## WHAT THIS TASK INVOLVES
Copy out exactly, from the entries that follow, the line holding "Mercedes C 230", the line holding "Used 2026 GMC", and all lines between them, but no pictures.

## DATA UNDER STUDY
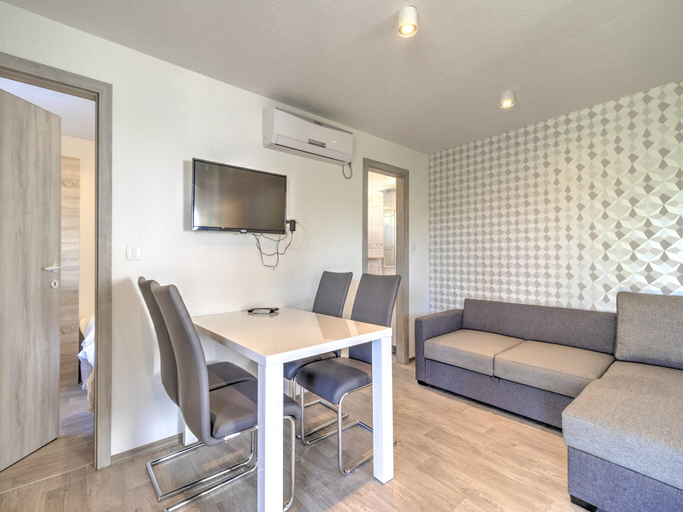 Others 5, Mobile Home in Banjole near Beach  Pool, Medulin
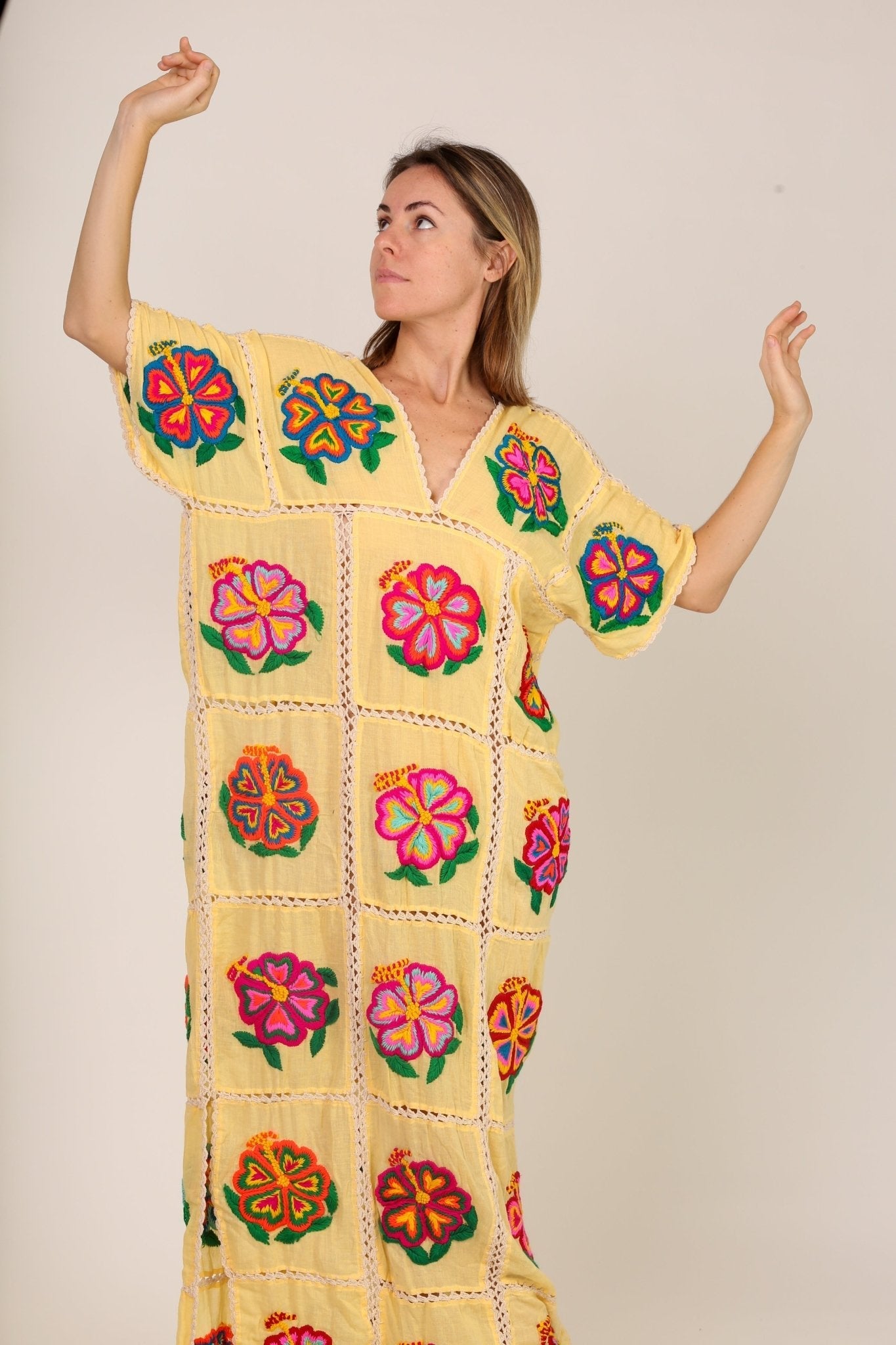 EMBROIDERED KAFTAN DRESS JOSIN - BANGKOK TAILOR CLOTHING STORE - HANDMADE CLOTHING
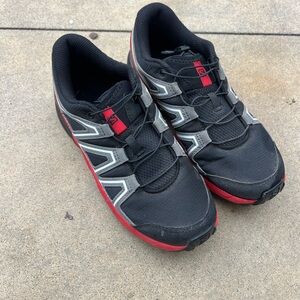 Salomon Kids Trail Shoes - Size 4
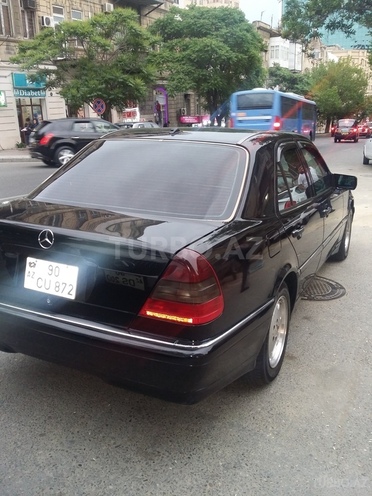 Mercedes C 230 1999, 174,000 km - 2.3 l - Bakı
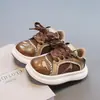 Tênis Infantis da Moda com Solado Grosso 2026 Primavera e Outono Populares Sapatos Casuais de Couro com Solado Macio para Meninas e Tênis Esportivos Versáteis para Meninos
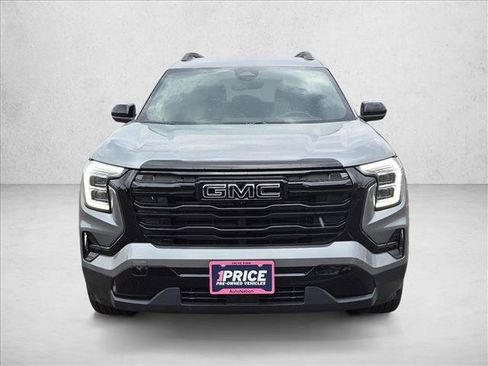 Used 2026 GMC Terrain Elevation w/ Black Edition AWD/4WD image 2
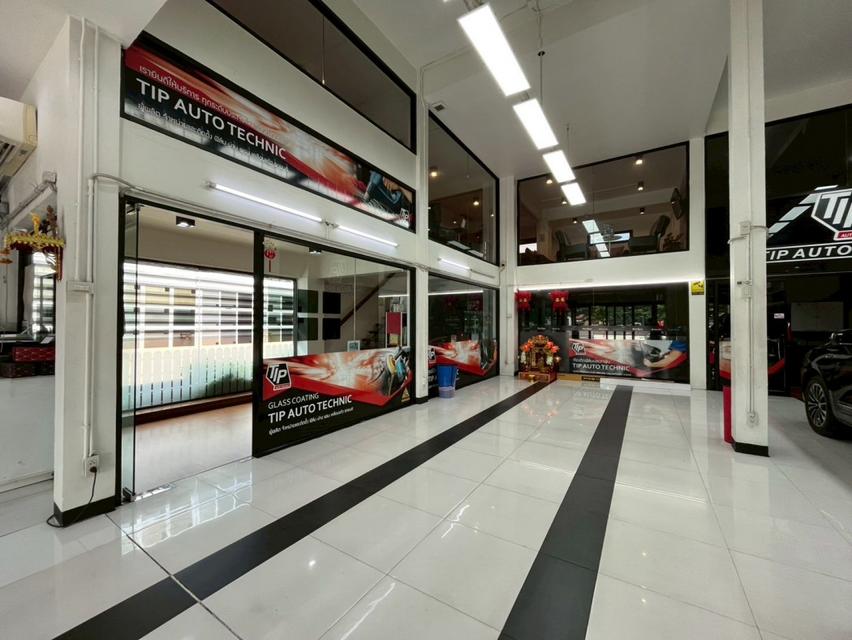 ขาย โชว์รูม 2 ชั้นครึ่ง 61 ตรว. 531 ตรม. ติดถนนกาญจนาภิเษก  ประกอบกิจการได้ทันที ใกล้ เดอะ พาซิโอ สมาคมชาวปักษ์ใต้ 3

## WRITTEN RESPONSE
 Mercedes C 230 1999, 174,000 km - 2.3 l - Bakı
 Tênis Infantis da Moda com Solado Grosso 2026 Primavera e Outono Populares Sapatos Casuais de Couro com Solado Macio para Meninas e Tênis Esportivos Versáteis para Meninos
 Used 2026 GMC Terrain Elevation w/ Black Edition AWD/4WD image 2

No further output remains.